Creatine is one of the most popular and effective sports supplements on the market, and it has been proven time and time again to improve strength, endurance and athletic performance (1). Creatine is an amino acid and it is stored mainly in skeletal muscles complexed with phosphate ions, which it uses to replenish cellular stores of ATP, the molecule that supplies the muscles with rapid energy (2). The most commonly used form of creatine is creatine monohydrate. In monohydrate form, each creatine molecule is bound to a single molecule of water. Tri-creatine malate is an alternate form in which three molecules of creatine are bound to one molecule of naturally occurring malic acid, which is thought to give it some slightly different properties to creatine monohydrate.
Tri-Creatine Malate Benefits
It's a reasonable assumption that Tri-creatine malate has the same advantages as creatine complexed with any other molecule. These benefits have been covered extensively in our article on Creatine Monohydrate.
Malate is involved in the generation of energy through aerobic oxidation, the process common to all air-breathing organisms, through which dietary carbohydrate, fat and protein is converted into ATP and other substrates.

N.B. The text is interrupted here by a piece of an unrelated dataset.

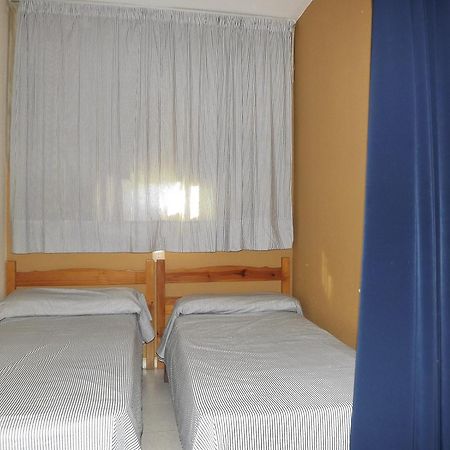 Apcostas - Habitat Playa Romana Apartment Alcossebre Екстериор снимка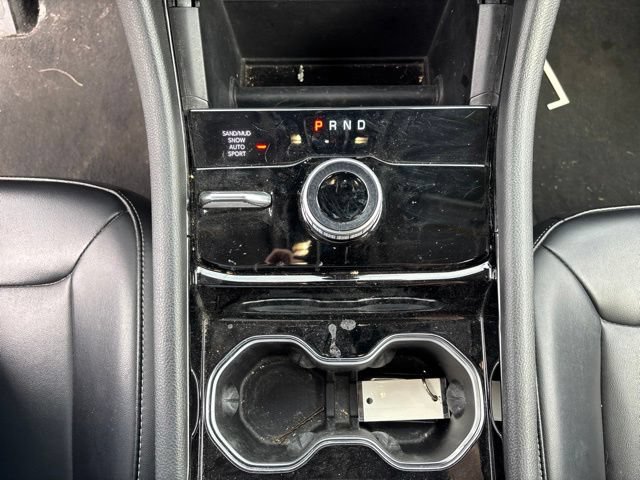 Used 2023 Jeep Grand Cherokee Limited AWD/4WD image 13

Tri-Creatine Malate is most often marketed on the basis that it is highly soluble and easily absorbed with fewer side effects in comparison to creatine monohydrate, including less water retention and stomach upset. Some people claim that no loading period is needed when using tri-creatine Malate, as is the case when using Monohydrate.
Tri-Creatine Malate Dosage
Recommended dosage of tri-creatine malate varies between manufacturers, but is usually between 3-5g per day. As with creatine monohydrate, this may be split into multiple doses to reduce side effects.
Stacking Tri-Creatine Malate
Like other creatines, tri-creatine malate is best absorbed in the presence of insulin, so stacking with a simple carbohydrate is the easiest way to make the most of this supplement.